Your instructions -> Please take the records that follow and repeat exactly the lines starting with the line with "a flower bed" and going on through the line with "White Personalized –".

Source data ->
- - - - - - -
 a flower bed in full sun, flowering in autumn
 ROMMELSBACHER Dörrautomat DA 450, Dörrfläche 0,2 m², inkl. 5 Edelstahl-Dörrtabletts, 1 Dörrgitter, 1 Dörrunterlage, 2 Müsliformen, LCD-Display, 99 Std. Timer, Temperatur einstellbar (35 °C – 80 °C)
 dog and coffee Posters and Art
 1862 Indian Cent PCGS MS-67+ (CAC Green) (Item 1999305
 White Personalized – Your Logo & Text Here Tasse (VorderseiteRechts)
- - - - - - -
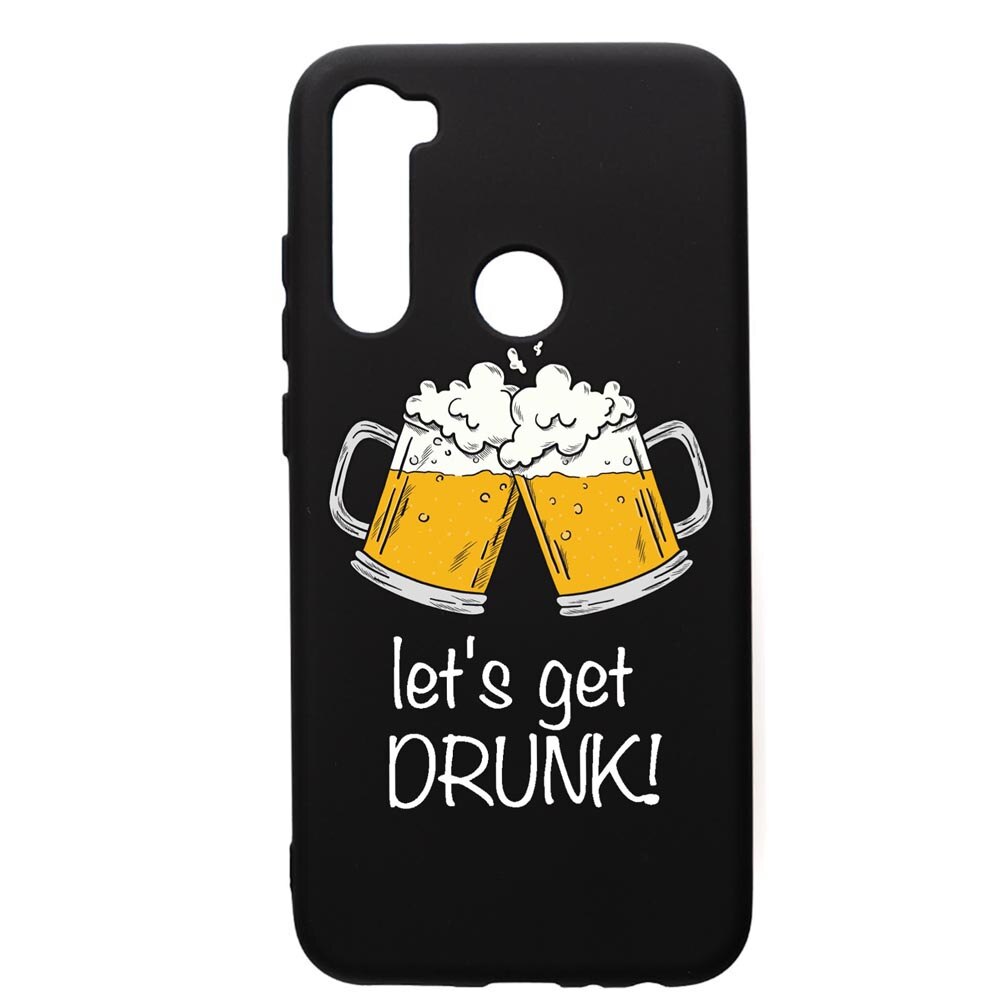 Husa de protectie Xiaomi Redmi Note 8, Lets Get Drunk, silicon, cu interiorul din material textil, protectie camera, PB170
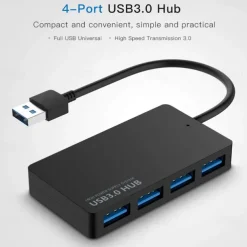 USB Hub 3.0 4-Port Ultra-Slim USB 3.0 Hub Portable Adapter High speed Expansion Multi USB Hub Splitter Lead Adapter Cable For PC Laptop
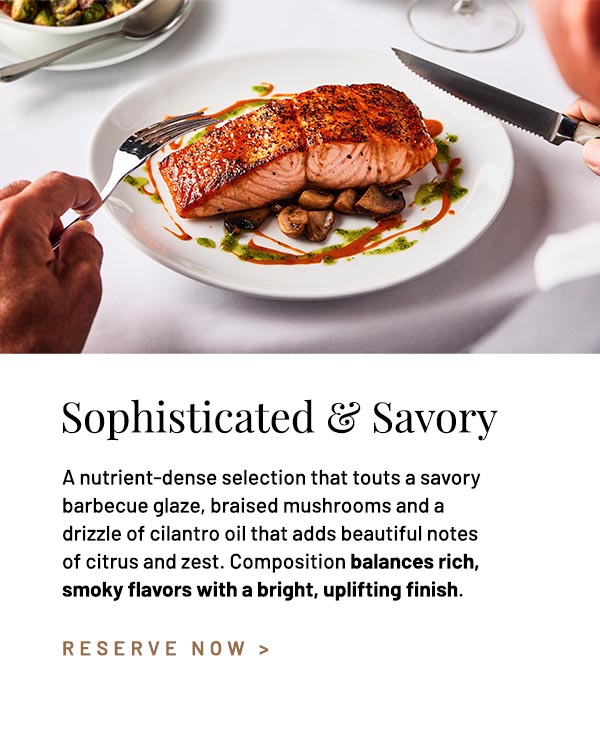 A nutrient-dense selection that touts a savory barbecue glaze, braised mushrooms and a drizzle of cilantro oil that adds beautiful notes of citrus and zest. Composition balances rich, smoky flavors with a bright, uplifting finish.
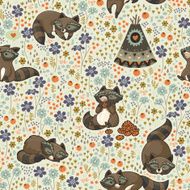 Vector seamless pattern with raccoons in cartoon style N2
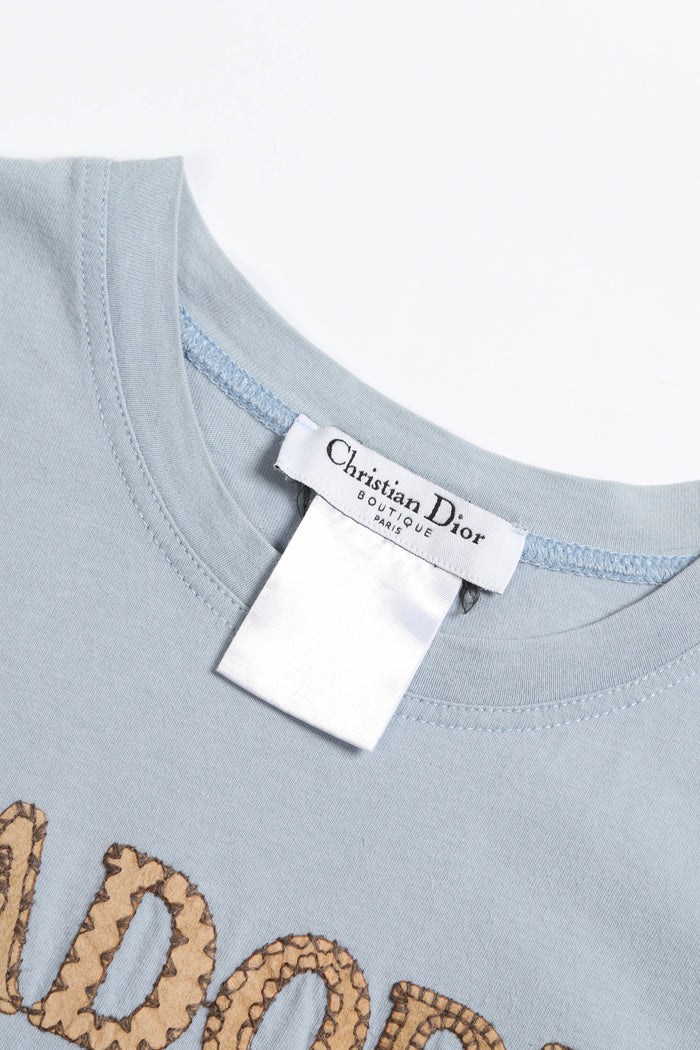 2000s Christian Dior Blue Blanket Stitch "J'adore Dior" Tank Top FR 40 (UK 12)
- - - - - - -
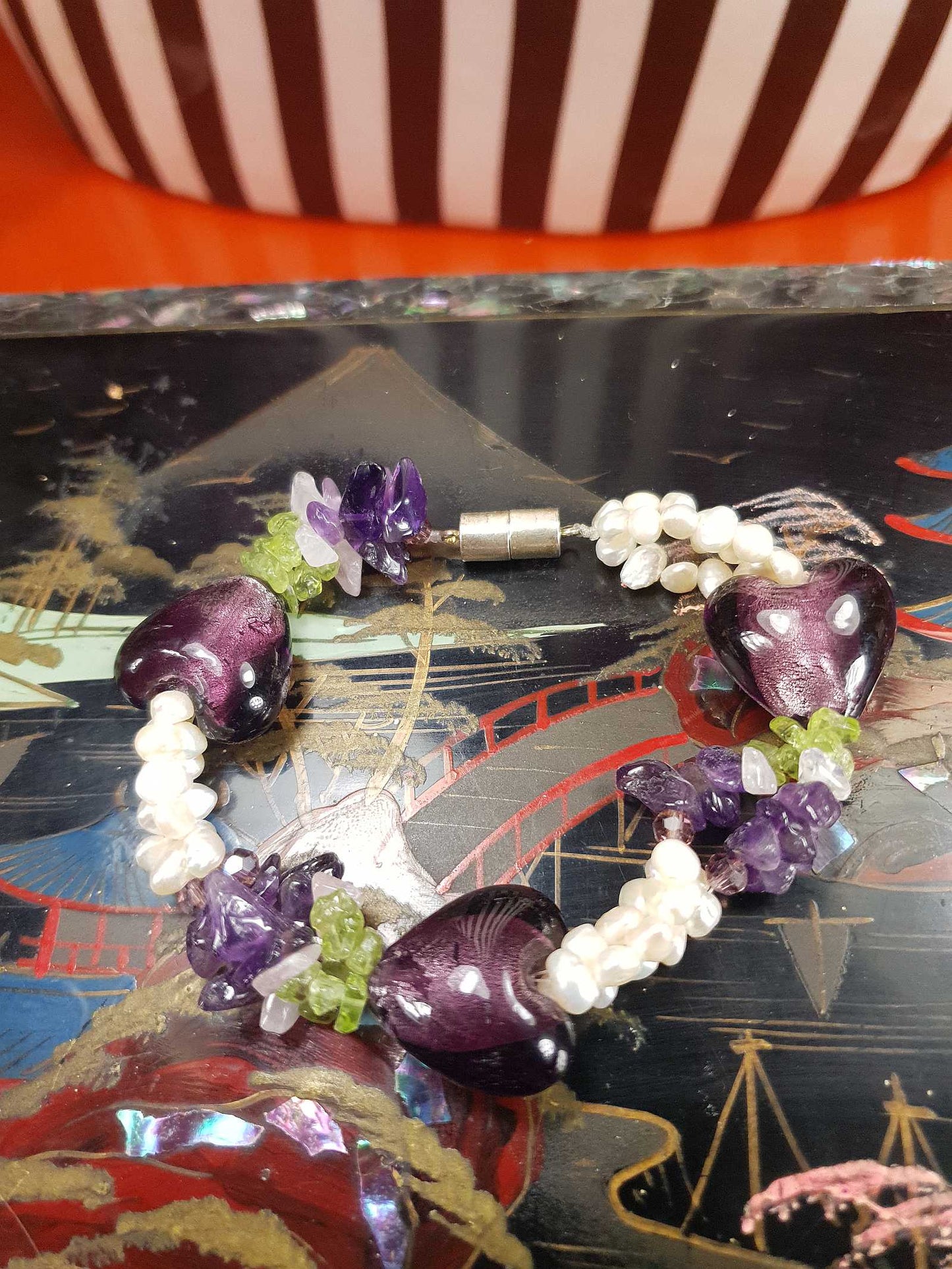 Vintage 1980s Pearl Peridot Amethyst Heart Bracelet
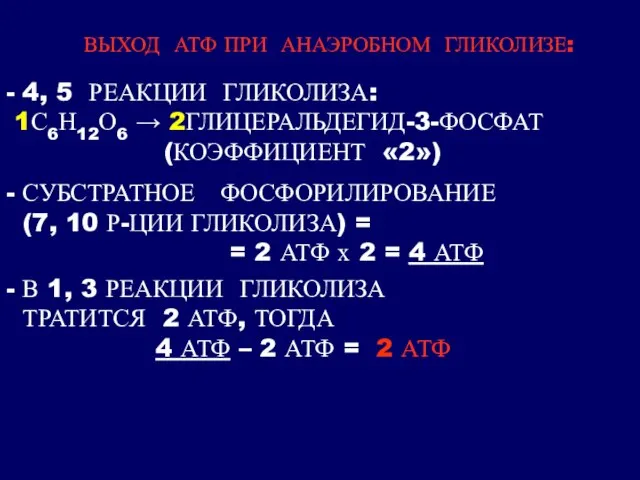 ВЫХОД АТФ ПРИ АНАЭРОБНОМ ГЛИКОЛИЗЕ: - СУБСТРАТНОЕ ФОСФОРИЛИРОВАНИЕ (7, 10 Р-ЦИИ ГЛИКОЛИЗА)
- - - - - - -
Task solution ->
 a flower bed in full sun, flowering in autumn
 ROMMELSBACHER Dörrautomat DA 450, Dörrfläche 0,2 m², inkl. 5 Edelstahl-Dörrtabletts, 1 Dörrgitter, 1 Dörrunterlage, 2 Müsliformen, LCD-Display, 99 Std. Timer, Temperatur einstellbar (35 °C – 80 °C)
 dog and coffee Posters and Art
 1862 Indian Cent PCGS MS-67+ (CAC Green) (Item 1999305
 White Personalized – Your Logo & Text Here Tasse (VorderseiteRechts)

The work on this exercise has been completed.